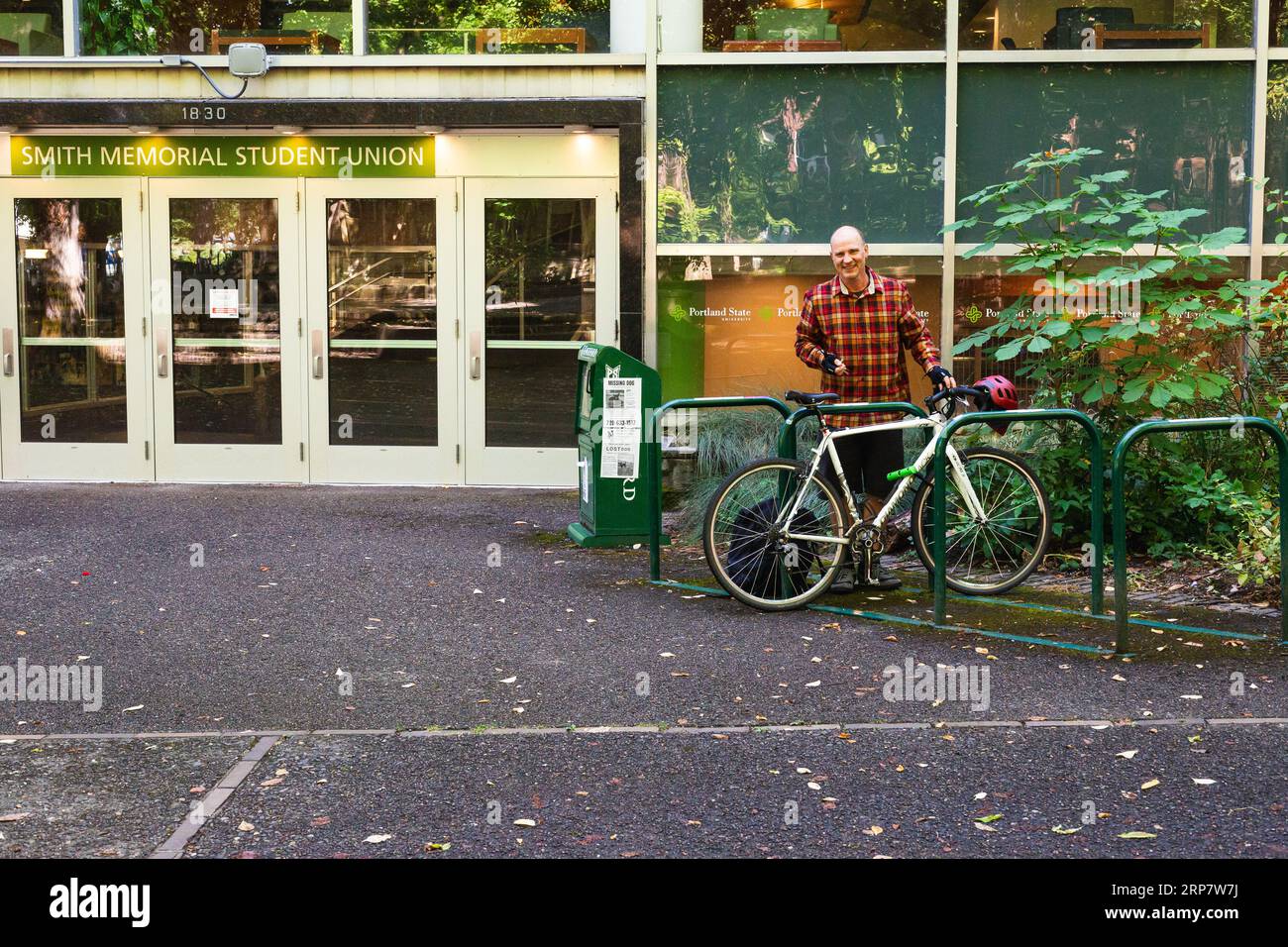 Man locking up his bike outside the Smith Memorial Student Union building at Portland State University in Portland Oregon Stock Photo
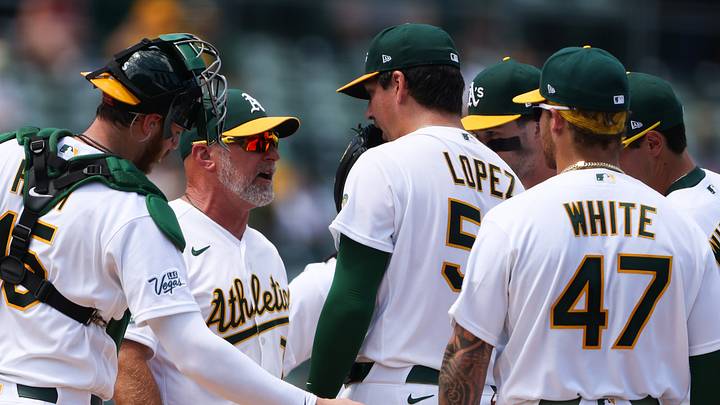 Jul 19, 2026; West Sacramento, California, USA; Athletics pitcher Jacob Lopez (57) talks with Athletics manager Mark Kotsay (7) before being pulled during the fifth inning against the Washington Nationals at Sutter Health Park. Mandatory Credit: Scott Marshall-Imagn Images Jul 19, 2026; West Sacramento, California, USA; Athletics pitcher Jacob Lopez (57) talks with Athletics manager Mark Kotsay (7) before being pulled during the fifth inning against the Washington Nationals at Sutter Health Park. Mandatory Credit: Scott Marshall-Imagn Images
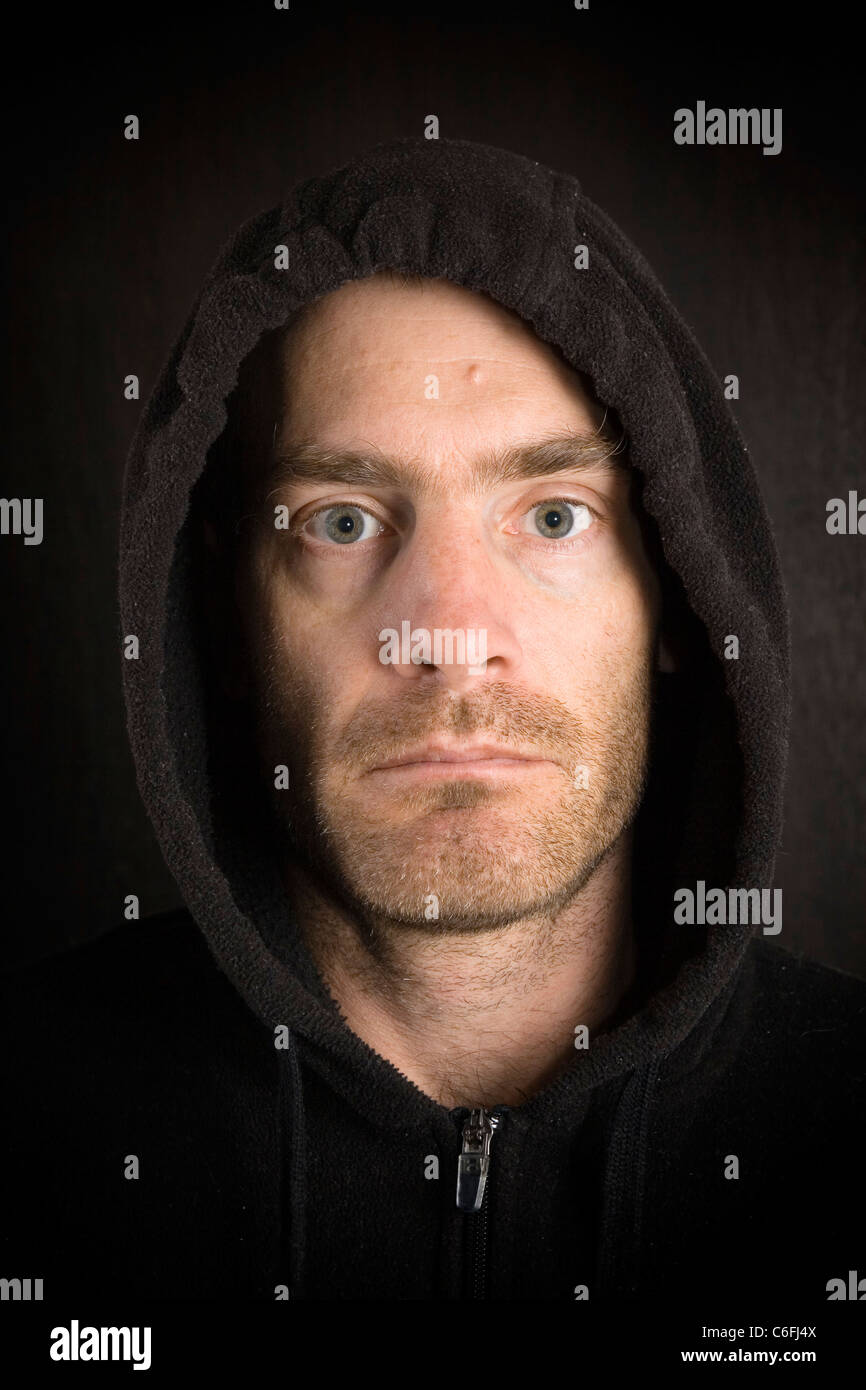 portrait of gritty scruffy hooded man in black Stock Photo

**Directions:** Where a picture appears in the material above, skip it, and print the rest exactly.

**Response for this exercise:**
 Man locking up his bike outside the Smith Memorial Student Union building at Portland State University in Portland Oregon Stock Photo
 Jul 19, 2026; West Sacramento, California, USA; Athletics pitcher Jacob Lopez (57) talks with Athletics manager Mark Kotsay (7) before being pulled during the fifth inning against the Washington Nationals at Sutter Health Park. Mandatory Credit: Scott Marshall-Imagn Images Jul 19, 2026; West Sacramento, California, USA; Athletics pitcher Jacob Lopez (57) talks with Athletics manager Mark Kotsay (7) before being pulled during the fifth inning against the Washington Nationals at Sutter Health Park. Mandatory Credit: Scott Marshall-Imagn Images
 portrait of gritty scruffy hooded man in black Stock Photo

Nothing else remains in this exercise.